SD-WAN benefits extend beyond eliminating MPLS
Most discussions on the benefits of software-defined WANs (SD-WANs) tend to focus on how the technology enables a network organisation to reduce or eliminate its spend on expensive MPLS circuits.
Clearly that is an important benefit, yet SD-WANs have other key benefits, as many early adopters of the technology will attest.
Recent discussions with an IT professional who is currently rolling out an SD-WAN solution highlighted the benefits of better performance, better visibility and the reduced cost and complexity that comes from removing routers from one big name vendor.
The IT pro is a director of information technology at a leading provider of technical product solutions for the automotive industry. The company manufactures electro-mechanic and electronic equipment. It has 12 major sites located in five continents, a work force of about 1,500 employees and annual revenues of roughly $US500 million.
Prior to implementing an SD-WAN, the company had the routers at each site, MPLS links into its larger sites and site-to-site VPNs for backup at those larger sites. Some locations, such as Tunisia and Indonesia, did not have MPLS connectivity because it would have cost thousands of dollars per month at each site.
One of the issues with the previous WAN was that in those sites that had multiple links in an active–passive configuration, the network suffered from slow failover from the primary link to the backup link as the network organisation had to reconfigure the router manually whenever the primary link failed.

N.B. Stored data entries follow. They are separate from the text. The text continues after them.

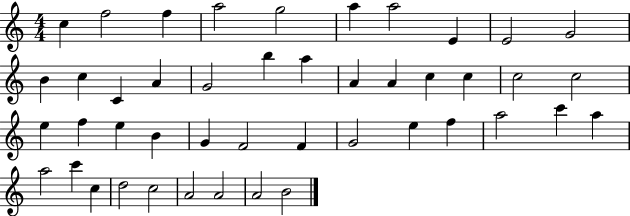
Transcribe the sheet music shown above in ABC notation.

X:1
T:Untitled
M:4/4
L:1/4
K:C
c f2 f a2 g2 a a2 E E2 G2 B c C A G2 b a A A c c c2 c2 e f e B G F2 F G2 e f a2 c' a a2 c' c d2 c2 A2 A2 A2 B2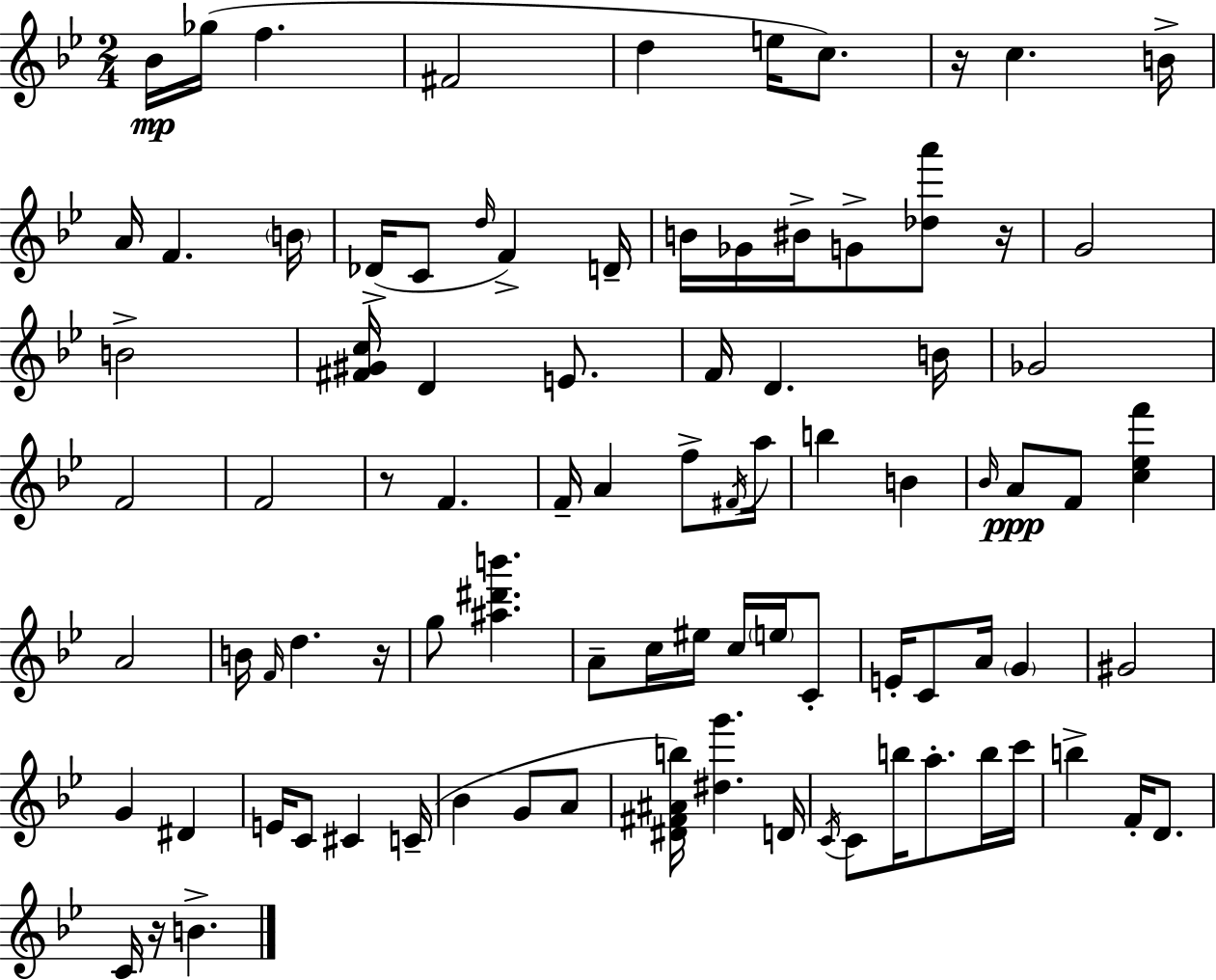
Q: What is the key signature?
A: G minor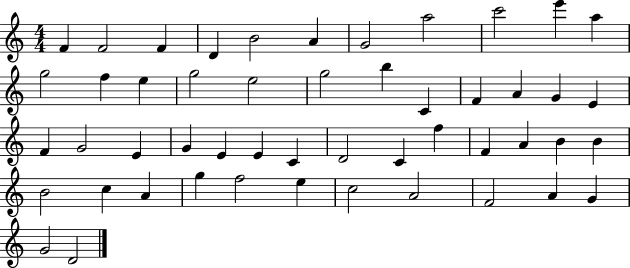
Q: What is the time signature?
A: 4/4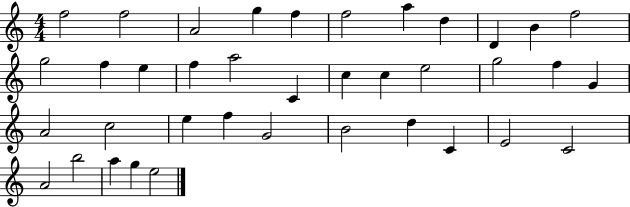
X:1
T:Untitled
M:4/4
L:1/4
K:C
f2 f2 A2 g f f2 a d D B f2 g2 f e f a2 C c c e2 g2 f G A2 c2 e f G2 B2 d C E2 C2 A2 b2 a g e2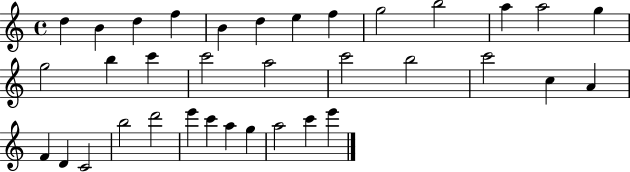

One of the primary factors that drove the IT director to explore alternative WAN solutions was the company’s decision to move from having an ERP system in each region to having a single consolidated data centre. He felt the need to implement a WAN with higher performance and availability than the exisitng WAN.
The director explored both managed SD-WAN and Do-It-Yourself (DIY) solutions from multiple providers. The idea of a managed SD-WAN solution appealed to the company because adopting it would have meant no upfront costs.
However, he explained that they rejected the managed SD-WAN solution because after two years it would have cost more than the DIY solution that they adopted. He also explained that they choose a carefully selected SD-WAN solution in part because it was less expensive than alternative DIY solutions, and in part because it included functionality, such as optimisation, that the others didn’t.
director conducted a three-month pilot of the solution in those locations where he had a strong IT staff. At the end of the pilot, the company began a tiered rollout of the new solution. To date, the it has been implemented in nine of the company’s 12 major sites. As part of implementing the solution, the IT director removed the routers and is now using the SD-WAN solution as their edge device. According to him, “Any time I can eliminate network hardware it makes my life easier.”
The IT director is very pleased with the overall results of implementing the SD-WAN solution. According to him, “I am impressed with how well the solution works. It works as advertised, which is a welcome change.”
The company doesn’t begin to implement its new ERP system until later this year so it isn’t possible to quantify the performance impact of SD-WAN on that system. However, the IT director is convinced that the chosen solution has already improved application availability.
According to him, when compared to their previous WAN the SD-WAN is “definitely more solid”. He added that now when an MPLS link fails, the new solution seamlessly fails over to the backup link which allows the company “to get product out the door.”
The IT director was also very pleased with the new levels of visibility that he has into his network traffic. He said, “It’s unbelievable how much more visibility I have. I have reporting that I have never had before that enables me to track down rogue users and to isolate a device that is taking up too much bandwidth.”
He added that not only does he now have great visibility but that “the visibility tools came at no extra cost.”